Each module has distinct responsibilities (analysis, evaluation, risk control, verification) to minimize judgment bias and single points of failure and to present judgment in understandable form.

Core modules

The modules below are not a public API list; they are components of the decision infrastructure used inside NoahAI to perform financial judgment safely. Each module is designed for judgment, verification, and logging—not execution-first.

This set is designed as an Analyst AI structure with separated analysis, evaluation, risk, and verification roles to minimize bias and single points of failure.

1. analyzer.py – Market analysis and AI signal generation

  • Technical indicators: RSI, MACD, Bollinger, SMA/EMA, ATR, volume
  • Market regime: Volatility, trend strength, momentum, sentiment
  • Signals: Technical + AI-enhanced signals
  • Dynamic thresholds: Volatility thresholds by regime
  • Confidence: Technical + AI data + sentiment (0.0–1.0)

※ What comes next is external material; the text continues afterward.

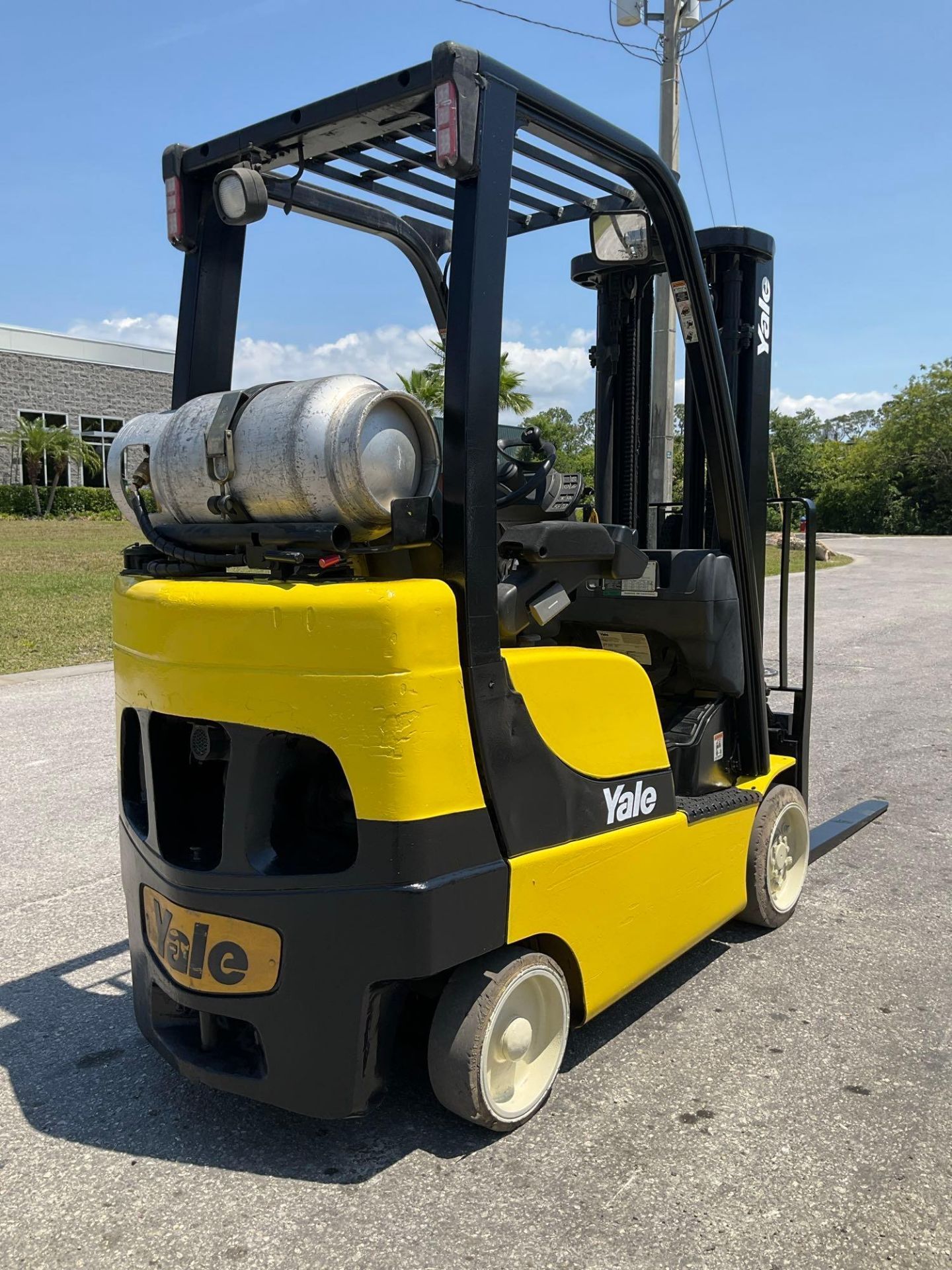 YALE FORKLIFT MODEL GLC040SVXNUSE082, LP POWERED, APPROX MAX CAPACITY 3750LBS, MAX HEIGHT 187?, T... - Image 3 of 13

2. evaluator.py – Asset selection

  • Multi-dimensional score: Volatility (35%), trend (25%), volume (20%), frequency (10%), depth (5%), RSI (5%)
  • AI evaluation: Asset evaluation using AI learning data
  • Regime-based strategy: LOW/NORMAL/HIGH volatility
  • Hybrid: Caching + fallback + hardcoding for stability and performance
  • Optimization: Load 4min → near-instant; API dependency 100% → 30%

3. unified_trader.py – Orchestration and state

  • Multi-exchange: CCXT-based integration
  • Position monitoring: Per-exchange cycle (5–15s)
  • Execution policy: User settings and guardrails (halt, limits, exceptions)
  • Verification mode: Validate judgment and risk without live execution

4. ai_manager.py – AI learning and pattern

  • Market analysis: Regime and dynamic settings
  • Exit analysis: Exit timing optimization
  • Pattern verification: Pre-entry pattern (k-NN)
  • TP/SL analysis: Trade cause and improvement
  • Reports: Daily/weekly/monthly
  • Conversational AI: Natural-language assistant

5. recorder.py – Database and learning data

  • Persistent trade logging
  • AI learning data management
  • Statistics and performance

6. alpha_arena_trader.py – Alpha Arena (research)

Alpha Arena is a research/verification-only environment fully separate from live decisions and user assets.

  • LLM experiments: DeepSeek 3.1, Qwen 3 Max
  • Benchmark: nof1.ai Alpha Arena verification
  • Independent mode: Separate from main pipeline
  • Scope: Compare and replay engine/policy under same conditions

Extension points

This architecture is modular and can extend as follows:

  • Assets: Crypto → securities/ETF → real estate → everyday finance (transfers, checks, budgeting) on the same judgment–logging–verification structure.
  • Channels: Text → voice (accessibility) and step-by-step guidance for seniors and the digitally excluded.
  • Protection: Anomaly detection from context and behavior to mitigate fraud and phishing risk.